Apesar da vida de prazeres simples, após alguns meses o jovem lorde voltou a se entristecer. Lembrava-se da historinha do sujeito que naufragou em uma ilha deserta, e após alguns meses salvou outra náufraga, uma belíssima e conhecida atriz. À semelhança do náufrago em questão, Lord Joe às vezes pensava: de que adiantava a companhia do Vida Longa, se não podia exibi-lo aos amigos, ou, melhor ainda, aos rivais?

Urgia voltar à civilização. Mas era preciso convencer o companheiro a ir junto, pois sem ele, a vida de Lord Joe não tinha um eixo. Certo dia, após muitos folguedos no lago, repousavam os dois à sombra de frondosas palmeiras, quando súbita inspiração ocorreu ao jovem lorde.

Tudo começou quando um bando de aborrecidos insetos tropicais apareceu para perturbar Vida Longa, mas este, pachorrentamente, continuou a repousar, limitando-se a espantar os insetos com golpes de sua porção mais saliente; poderíamos chamar tais golpes de pintadas, pauladas, ou até, mais elegantemente, de penadas. Funcionava mais ou menos como os bois, quando espantam moscas com a cauda.

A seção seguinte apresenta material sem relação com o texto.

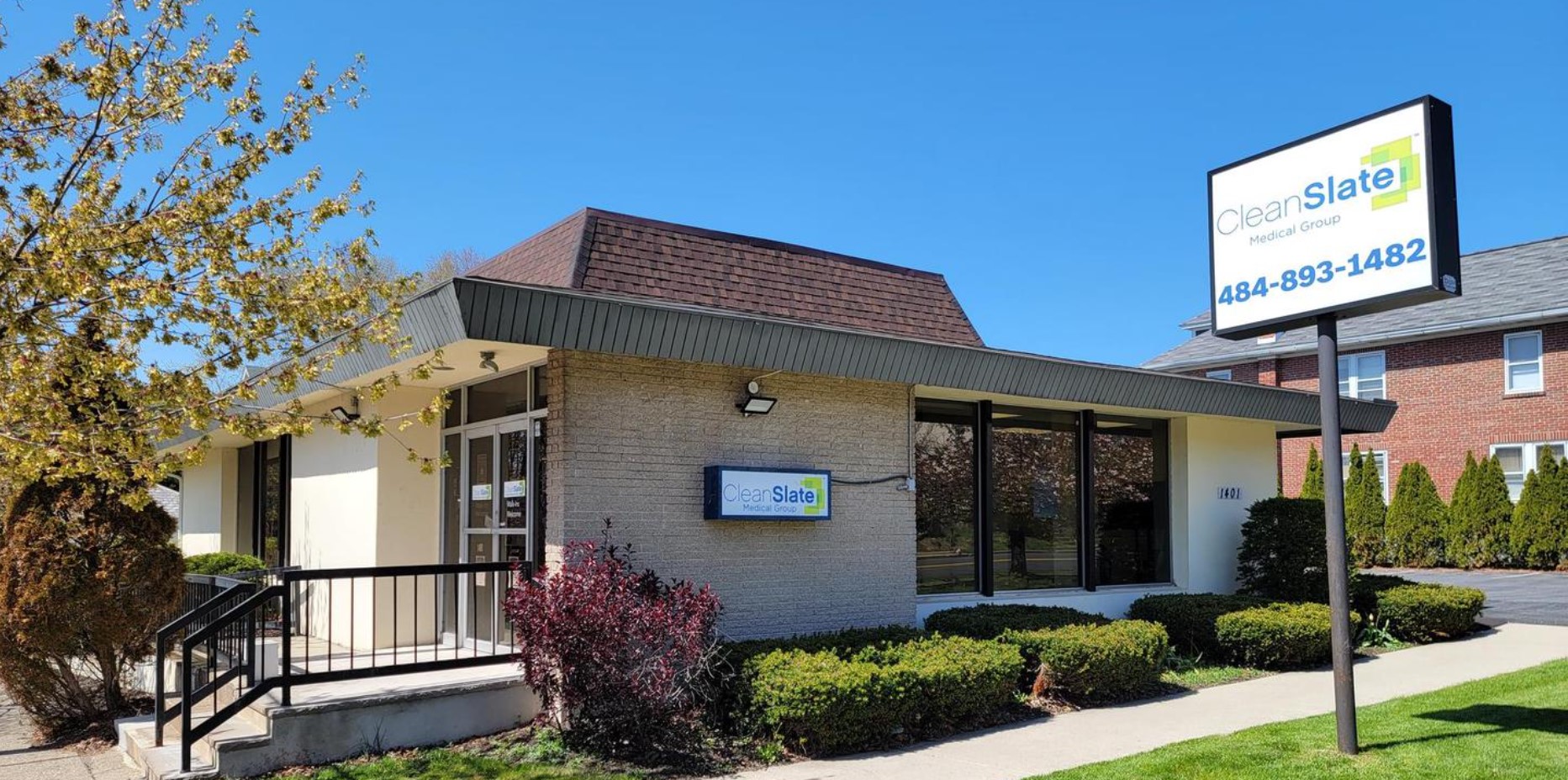 The front entrance of CleanSlate Medical Group, with clear signage and a welcoming pathway for patients and visitors.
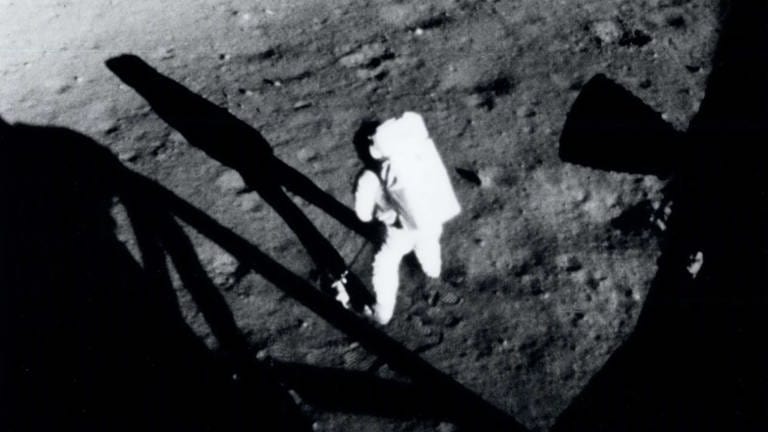 Der Kommandant von Apollo 11, Neil Armstrong, sammelt Proben des Mondbodens, kurz nachdem er am 20. Juli 1969 seinen historischen ersten Schritt auf der Oberfläche des Mondes gemacht hat. Das Foto wurde von Edwin "Buzz" Aldrin aus dem Inneren des Landefahrzeugs aufgenommen. Im Vordergrund ist ein Teil des Fahrzeugschattens sichtbar.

Em seguida, batendo-lhe a fome, Vida Longa subiu em uma das palmeiras e catou uns coquinhos. Para saborear-lhes a carne tenra, quebrou-os com fortes golpes da mesma clava.

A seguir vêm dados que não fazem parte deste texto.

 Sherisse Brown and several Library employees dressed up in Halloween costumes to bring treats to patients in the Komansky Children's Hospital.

A partir daí, Lord Joe passou a notar que Vida Longa manejava seu instrumento com destreza ímpar, usando-o para uma grande variedade de misteres, como fazem os elefantes com as trombas. Por exemplo, quando se sentia inspirado para uma noitada musical, tocava uma bateria de tambores de vários tamanhos, usando o dito instrumento como baqueta. Usava-o também como taco, em um esporte semelhante ao golfe, e em outro, similar ao beisebol; como martelo, quando precisava de reparos em seu parco mobiliário; ao preparar carnes, para amaciar as caças mais rijas; e, naturalmente, como arma cega, nas lutas de espada que realizava, para o adestramento dos candidatos à sucessão.

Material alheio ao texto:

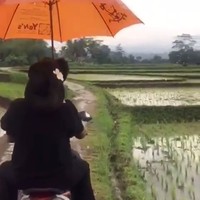 Anne Avantie membagikan kisah perjalanannya bertemu desainer difabel yang viral, Rahmat Hidayat, di Instagram. Desainer langganan selebriti kondang Tanah Air itu terlihat naik ojek sembari berpayungan dan melewati sawah. Ketika itu, awan mendung menggantung diiringi hujan rintik-rintik. Foto: Instagram Anne Avantie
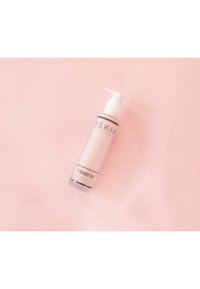 Rosa cylindrisk flaska med vit pump-lock. Etiketten har svart text. Slät yta, genomskinlig bas som visar vätskan inuti. Ställt mot en rosa bakgrund.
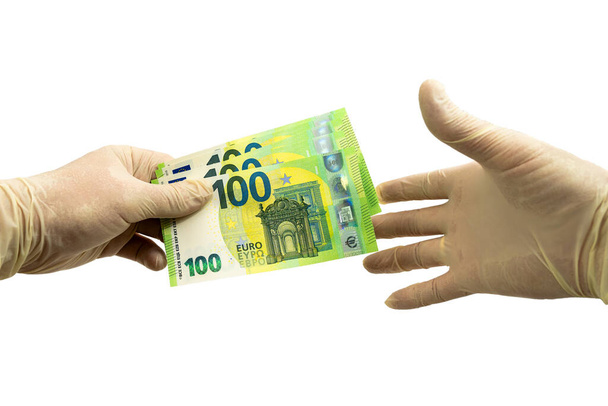 One hand in white protective gloves holds out a bundle of 100 Euro bills to the other hand in a white medical glove. Isolated white background. Virus protection concept - Foto, imagen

Lord Joe passou então a insistir com o amigo, para que voltassem juntos à Europa, onde Vida Longa poderia expor suas múltiplas habilidades aos olhos do mundo. Ele, Lord Joe, funcionaria como empresário, para atrair públicos e explorar oportunidades; pois, dizia, neste mundo em princípios de globalização, exportar é o que importa, e você, meu caro Vida, é o principal produto de exportação desta terra. Ao mesmo tempo em que expõe e desenvolve sua veia artística, você estará captando divisas para sua gente; o que se faz urgente, pois, dentro de poucas décadas, o colonialismo não dará mais tranqüilidade a seu bucólico modus vivendi.

A insistência de Lord Joe e a consideração dos altos interesses da tribo acabaram por convencer a Vida Longa. E assim foi que, muitos meses depois da chegada do inglês à aldeia, reorganizou ele a caravana, para a triunfal volta à chamada civilização.